If the rowing-boat at a rental cottage chances to be missing the bung in the bottom when the tenants decide to go for a spot of midnight fishing, the urban guests will go and wake up the landlord. It will not occur to them that there are bits of wood lying on the ground next to the beached boat that could swiftly be whittled into shape for the purpose.
      The city-bred holidaymaker also does not grasp the fact that it is a sound idea to remove said bung from the bottom of said boat when it is pulled up on shore, since if it happens to rain overnight and the bung is in, the boat will fill up with water.
      Boats are not tied up properly, nor are they pulled far enough onto shore, because the urban cottager does not believe that the boat is going anywhere. After the thunderstorm that breaks in the early hours of the morning, it can take a good long while to relocate the boat, especially on a healthy-sized lake like Saimaa.
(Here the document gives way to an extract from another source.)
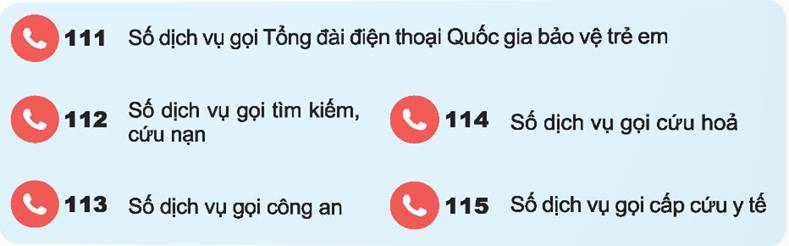 BÀI 5. SỬ DỤNG ĐIỆN THOẠI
      The cottage visitor calls on his mobile from the middle of the lake to report that the outboard motor has died on him. There is nothing wrong with the engine, save perhaps the inability of the ship's captain to open the feed line to the extra gas tank.
     
     
WINDOWS
     
     
No, not the operating system. The urban cottage-goer cannot get his head around the idea that one doesn't keep the windows open at the summer place in the summertime unless they are equipped with mosquito netting.
     
     
ANIMALS
     
     
Your urban gottage-goer suffers from mice. He or she does not understand that in the autumn months fieldmice will slip inside the cottage, using main force if necessary. This is part of country life.
      The urban cottage-dweller will get spring-cleaning carried out by someone else (this is outsourcing) if possible, because he or she fears mice. If mouse-droppings have appeared on the floor of the cottage during the winter, he or she will not dare to clean them up himself or herself. The mouse could be lurking in there somewhere, after all.
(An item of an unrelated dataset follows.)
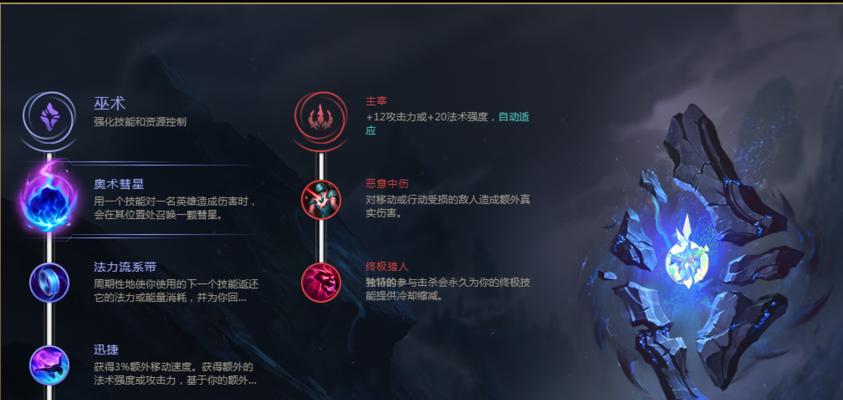 LOL手游厄运小姐最新出装攻略（厄运小姐S11版本全新出装及策略解析）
      He will pet and feed and mollycoddle and generally take care of the neighbours' dogs and cats all summer long to the point of nuisance, without thinking quite what happens to them when he leaves.
      The livestock on one farm were scared stiff of the daughter of the family who owned the neighbouring cottage. She squeezed and petted and kissed the animals till they feared for their lives.
      If a lamb slips through the fence and out of the sheep enclosure, the vacationer will panic. He will wake up the farmer in the middle of the night to rescue the prodigal animal, and will not believe that a creature with herd instincts just isn't going to wander off by itself. A lost sheep is a terrible thing for the city-dweller.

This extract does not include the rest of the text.